For sure, and I would dearly love to find some!


----------



## Rays123

Nicodemus said:


> For sure, and I would dearly love to find some!



ha me and you both, the only problem would be if anybody ever really did find the supposed lost treasure some big wigs from the state or gov. would be down to pick it up in an hour or so but we can all hope. anyone else got any info?


----------



## bufordbox

These "Cherokee gold" stories have some basis for fact, that is for sure. The Etowah washes down from the Dahlonega area, which turned out to have a pretty rich deposit eventually exploited by white miners. Up until the emergence of the white man in this area of Georgia, the Cherokees are now known to have mined gold themselves for years, maybe centuries. But I don't believe they valued it as currency, instead they used it ornamentally and used it for trade purposes. I'm pretty sure that the Cherokees mined at Sixes, near where the Etowah and the Little River tributary meet in the upper Allatoona Lake waters.
Thus, over the years, the Cherokees had privately built up some nice collections of gold. Once they realized the value it held to the white man, I am sure they naturally began to hoard it, if for no other reason than to use as a bargaining chip in their constant negotiations with the white man for land cessions, etc.
Once relations hit bottom, and the Cherokees resigned themselves to be relocated in Oklahoma territory, many of them "hid" their gold before leaving. I have no reason to doubt that this could well be true, it sounds very plausible. It is what I would do with my valuables if I knew I would soon be taken to a stockade to await relocation.
There is a fascinating book in the Cherokee county library system that examines this idea of hidden Cherokee gold. The book goes into quite a bit of detail about the "sign" that the Cherokees used to mark the location of their treasure so that it might be found should he ever come back to the area. Things like if you find a small rabbit pictograph etched into a rock, that there is gold nearby, and in the direction the rabbit is facing. Many other "signs" like this are described. A "must read" if you have an interest in this. It will make you want to hit the trail looking for sign !!


----------



## westcobbdog

I have a book somewhere at home that is titled"Buried treasure in Ga" and has many cool stories about this subject. The Cherokees were very smart and knew the value of gold and hid plenty of in the mountains.
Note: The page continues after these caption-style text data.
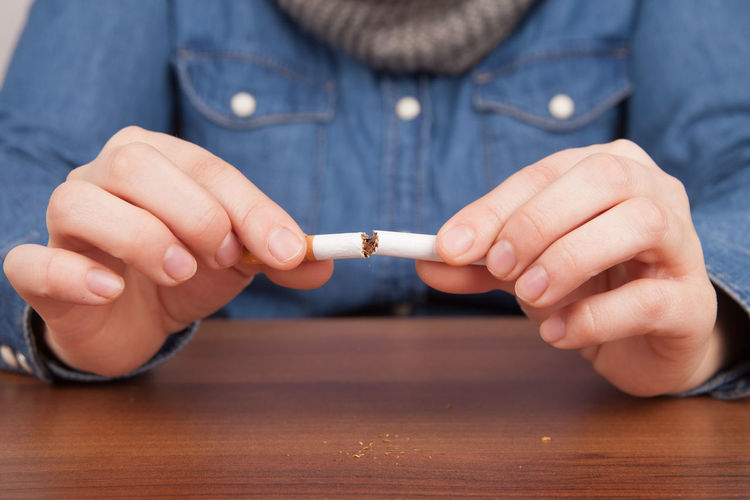 Close-up of person hands breaking cigarette over table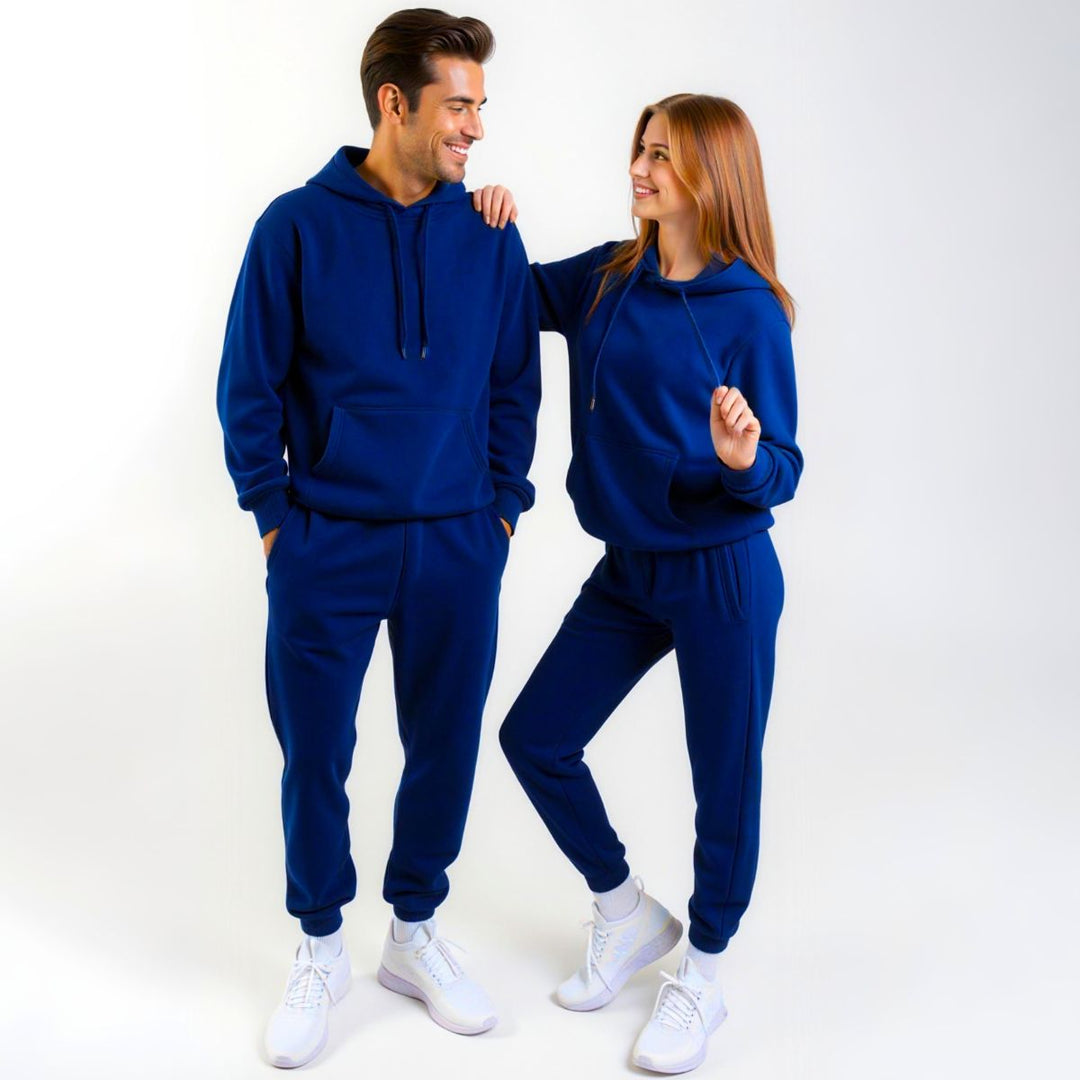 Couples dressed in vibrant royal blue matching tracksuits from CouplesChoices.com, combining bold color with modern loungewear design—crafted for statement comfort and elevated casualwear.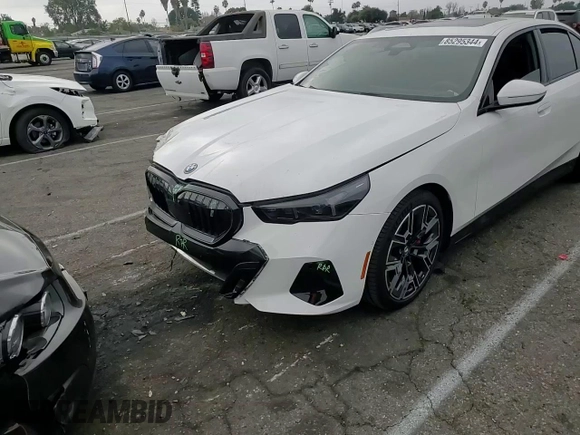 2024 BMW i5 eDrive40 z VIN WBY33FK04RCP62567, wystawiony jako Copart lot #85295344 z przebiegiem Nie podano mil oraz Szkody całkowita. Historia ofert i sprzedaży dostępna na DreamBid. Obrazek 11.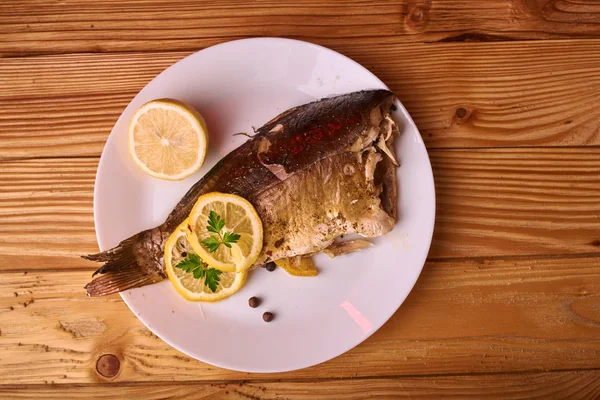 Pesce alla griglia con erbe aromatiche e limone su fondo di legno. Mediterraneo concetto di frutti di mare di lusso — Foto Stock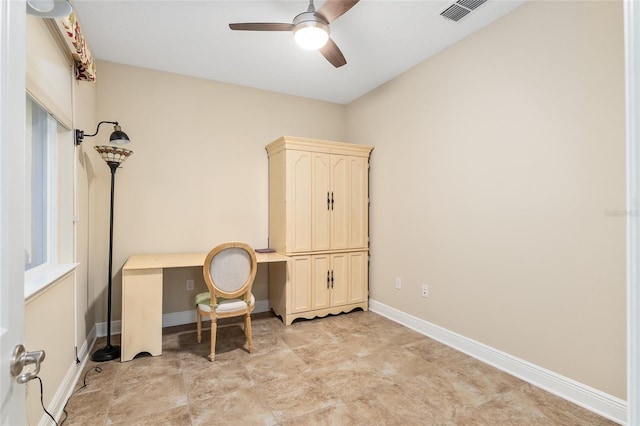 office area with ceiling fan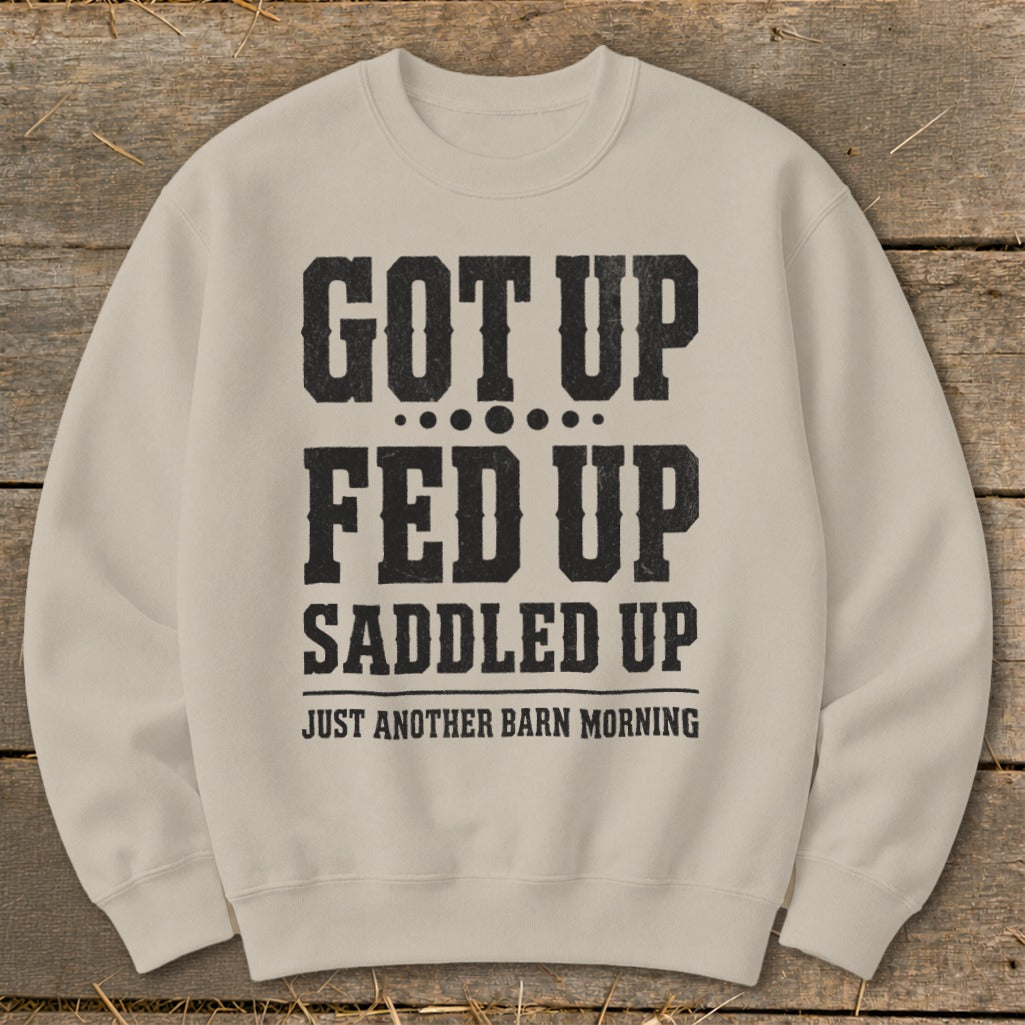 Tan crewneck sweatshirt with distressed black text reading "GOT UP FED UP SADDLED UP JUST ANOTHER BARN MORNING".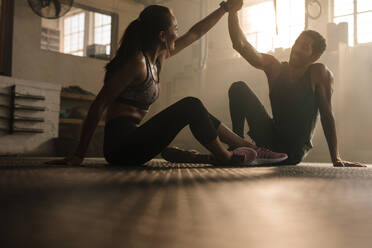 Fit man and woman sitting on floor and high fiving at the gym. Fitness couple after successful workout session in gym. - JLPSF00298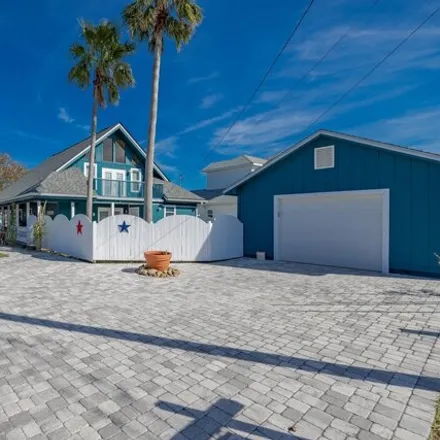 Buy this 4 bed house on 4015 Holiday Drive in Panama City Beach, FL 32408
One part of this book tells the story of a train conductor who for many years watched an old Indian get off the train around the I-285 / I-75 intersection. Finally the old Indian opened up to the conductor and told him that some years earlier his friend or relative hid gold here and he was trying to locate it with weekly or monthly trips for years to no avail.


----------



## shawn mills

Ive heard and read lots of stories about the cherokee collecting gold also. Also there was a wagon load of gold stolen by the cherokees and hidden in the area along the etowah. The eagles beak you refer to is in the area around Old Federal rd off of hwy 9. Ive speant many summer days between there and pooles mill "hunting". I have a friend that lives on setting down creek not too far from there and he has monsterous beech trees with many "signs" on them way up the tree. Not sure just how long those trees live but its intresting to see.


----------



## AMMO

shawn mills said:


> Ive heard and read lots of stories about the cherokee collecting gold also. Also there was a wagon load of gold stolen by the cherokees and hidden in the area along the etowah. The eagles beak you refer to is in the area around Old Federal rd off of hwy 9. Ive speant many summer days between there and pooles mill "hunting". I have a friend that lives on setting down creek not too far from there and he has monsterous beech trees with many "signs" on them way up the tree. Not sure just how long those trees live but its intresting to see.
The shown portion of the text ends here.